Beberapa bulan setelah pernikahannya dengan Siti Walidah beliau
menunaikan ibadah Haji ke Makkah. Setelah itu beliau bersilaturahmi dan
mendalami ilmu-ilmu Islam tradisional kepada ulama-ulama di sana seperti Syaikh
Mahfudz Termas rahimahullah, Imam Nawawi Banten rahimahullah dan banyak
ulama lainnya di Masjidil Haram. Sedangkan semangat pembaharuan dan modernisasi
Islam beliau dapat dari ulama-ulama seperti Imam Ibnu Taimiyah rahimahullah,
Syaikh Muhammad bin Abdul Wahhab rahimahullah, Syaikh Muhammad Rasyid
Ridha rahimahullah dan sebagainya. Nama Haji Ahmad Dahlan beliau
dapatkan dari Syaikh Bakri Syata’ rahimahullah seorang ulama madzhab
Syafi’iyah di Makkah.
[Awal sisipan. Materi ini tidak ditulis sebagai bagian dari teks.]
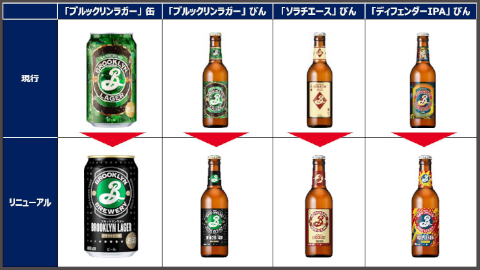 合わせて「ブルックリン・ブルワリー」ブランドのパッケージをリニューアル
Sepulang dari Mekkah dengan bergantinya nama dan
bertambahnya ilmu, beliau diberi amanat untuk mengajarkan agama di Yogyakarta
dan kemudian beliau mendapat sebutan K.H. Ahmad Dahlan.
Modernisasi Pendidikan Islam
Ada dua sistem pendidikan yang berkembang di Indonesia pada
masa K.H. Ahmad Dahlan rahimahullah, yaitu pendidikan pesantren dan
pendidikan barat. Diantara karakteristik pendidikan model pesantren ini adalah hanya
mengkaji berbagai macam kitab yang mencakup masalah-masalah agama saja dan
tidak ada pelajaran umum yang diajarkan kepada para santri. Ijazah dan rapor
juga tidak dikenal di kalangan mereka. Salah satu problem mendasar pendidikan
model pertama ini, selain penolakan terhadap fasilitas modern termasuk tidak
adanya kurikulum, mereka hanya akan menerima segala hal yang dianggap baik dan
yang buruk hanya dari kyai-kyai mereka saja (Abu Mujahid, 2013 : 95).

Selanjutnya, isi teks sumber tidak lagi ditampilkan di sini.